MySQL Federated Tables

The MySQL Federated storage engine for the MySQL relational database management system is a storage engine which allows a user to create a table that is a local representation of a foreign (remote) table. It utilizes the MySQL client library API as a data transport, treating the remote data source the same way other storage engines treat local data sources whether they be MYD files (MyISAM), memory (Cluster, Heap), or tablespace (InnoDB). Each Federated table that is defined there is one .frm (data definition file containing information such as the URL of the data source). The actual data can exist on a local or remote MySQL instance.

Before creating federated tables you need to install federated engine plugin & enable it from mysql. You can do this by following this post.

Creating FEDERATED Tables

Federated tables can be created in two ways

  • Creating a FEDERATED Table Using Connection
  • Creating a FEDERATED Table Using CREATE SERVER

To use the first method, you must specify the CONNECTION string after the engine type in a CREATE TABLE statement. For example

CREATE TABLE federated_table ( 
id INT(20) NOT NULL AUTO_INCREMENT, 
name VARCHAR(32) NOT NULL DEFAULT '', 
other INT(20) NOT NULL DEFAULT '0', 
PRIMARY KEY (id), 
INDEX name (name), 
INDEX other_key (other) 
) 
ENGINE=FEDERATED 
DEFAULT CHARSET=utf8mb4
CONNECTION='mysql://fed_user@remote_host:3306/federated/test_table';

The format of the connection string is as follows:

scheme://user_name[:password]@host_name[:port_num]/db_name/tbl_name

Where:

  • scheme: A recognized connection protocol. Only mysql is supported as the scheme value at this point.
  • user_name: The user name for the connection. This user must have been created on the remote server, and must have suitable privileges to perform the required actions (SELECT, INSERT, UPDATE, and so forth) on the remote table.
  • password: (Optional) The corresponding password for user_name.
  • host_name: The host name or IP address of the remote server.
  • port_num: (Optional) The port number for the remote server. The default is 3306.
  • db_name: The name of the database holding the remote table.
  • tbl_name: The name of the remote table. The name of the local and the remote table do not have to match.

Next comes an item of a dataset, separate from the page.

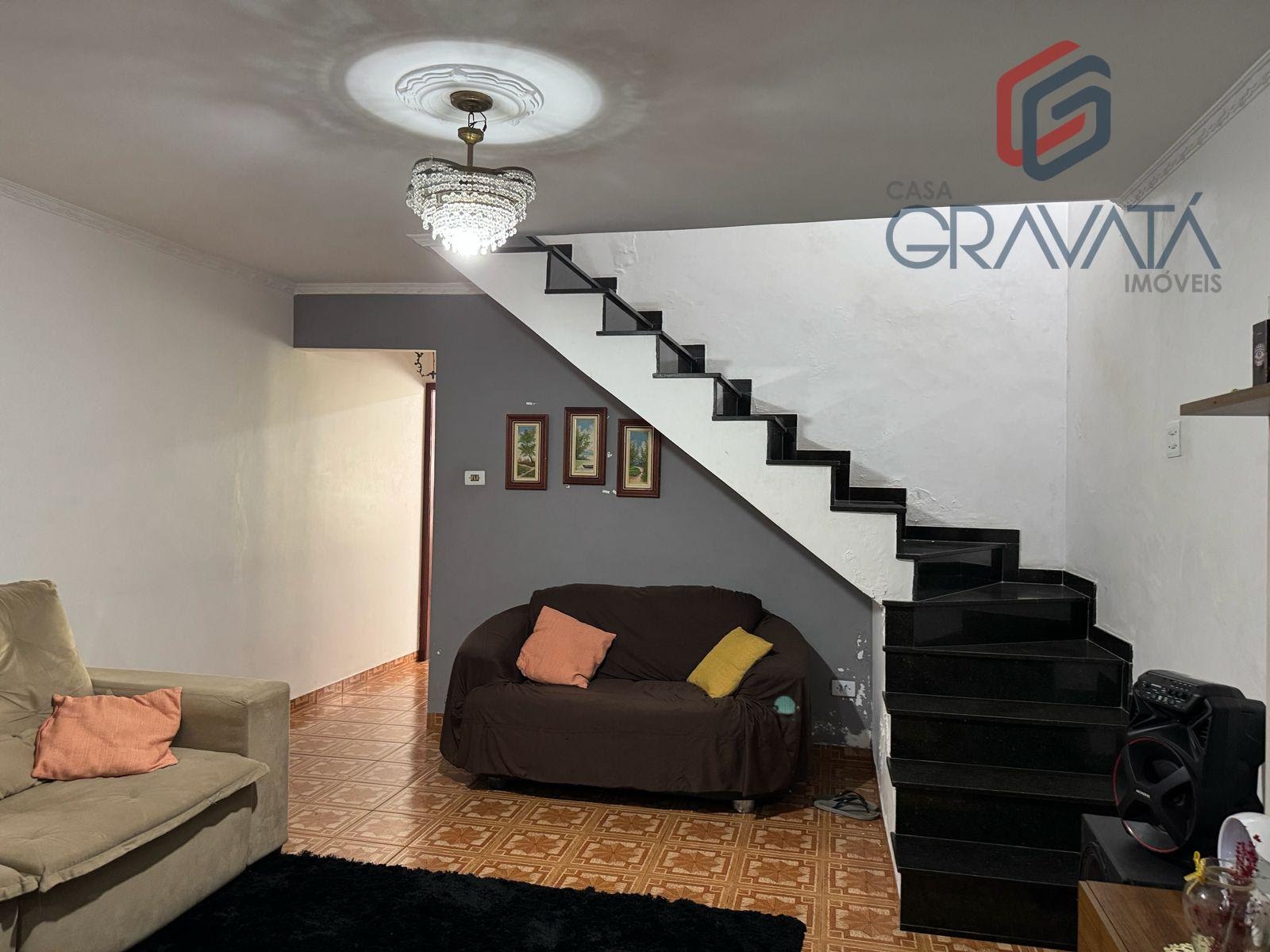 Casa à venda com 3 quartos, 2 banheiros, 2 vagas e 155m² no Vila Progresso, Santo André (SP) — foto 2 de 23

Sample connection strings:

CONNECTION='mysql://username:password@hostname:port/database/tablename'
CONNECTION='mysql://username@hostname/database/tablename'
CONNECTION='mysql://username:password@hostname/database/tablename'
Creating a FEDERATED Table Using CREATE SERVER

If you are creating a number of FEDERATED tables on the same server, or if you want to simplify the process of creating FEDERATED tables, you can use the CREATE SERVER statement to define the server connection parameters, just as you would with the CONNECTION string.

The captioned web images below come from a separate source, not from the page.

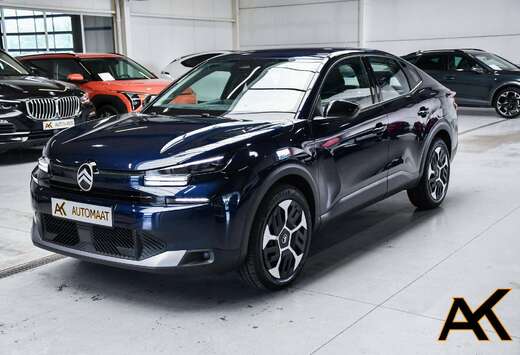 Citroen C4 X 1.2 MHEV Plus ë-DCS6 Plus - NAVIGATIE / ...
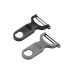 Set 2 éplucheurs Kuhn Rikon Swiss Peeler noir et gris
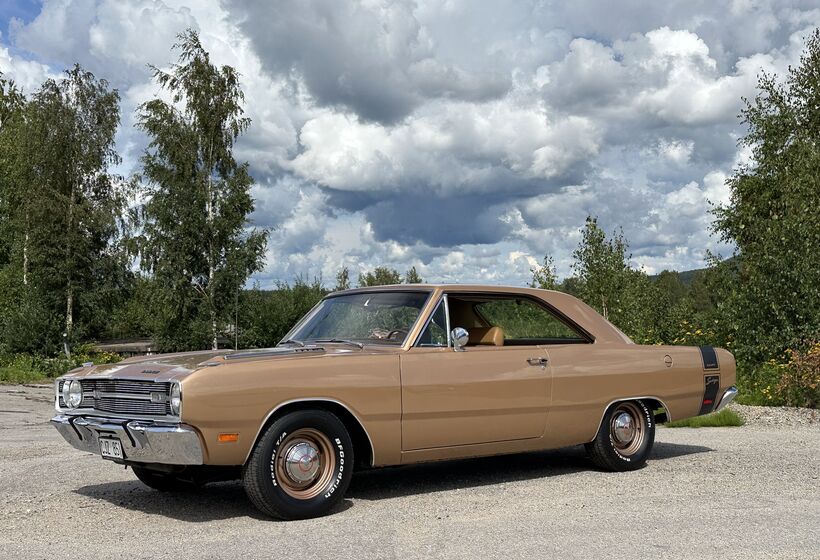 1969 Dodge Dart Swinger 340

The format of the CREATE SERVER statement is:

CREATE SERVER
server_name
FOREIGN DATA WRAPPER wrapper_name
OPTIONS (option [, option] ...)

For example, to create a server connection identical to the CONNECTION string:

CONNECTION='mysql://fed_user@remote_host:3306/federated/test_table';

You would use the following statement:

CREATE SERVER fedlink
FOREIGN DATA WRAPPER mysql
OPTIONS (USER 'fed_user', HOST 'remote_host', PORT 3306, DATABASE 'federated');

To create a FEDERATED table that uses this connection, you still use the CONNECTION keyword, but specify the name you used in the CREATE SERVER statement.

CREATE TABLE test_table (
    id     INT(20) NOT NULL AUTO_INCREMENT,
    name   VARCHAR(32) NOT NULL DEFAULT '',
    other  INT(20) NOT NULL DEFAULT '0',
    PRIMARY KEY  (id),
    INDEX name (name),
    INDEX other_key (other)
)
ENGINE=FEDERATED
DEFAULT CHARSET=utf8mb4
CONNECTION='fedlink/test_table';

The connection name in this example contains the name of the connection (fedlink) and the name of the table (test_table) to link to, separated by a slash.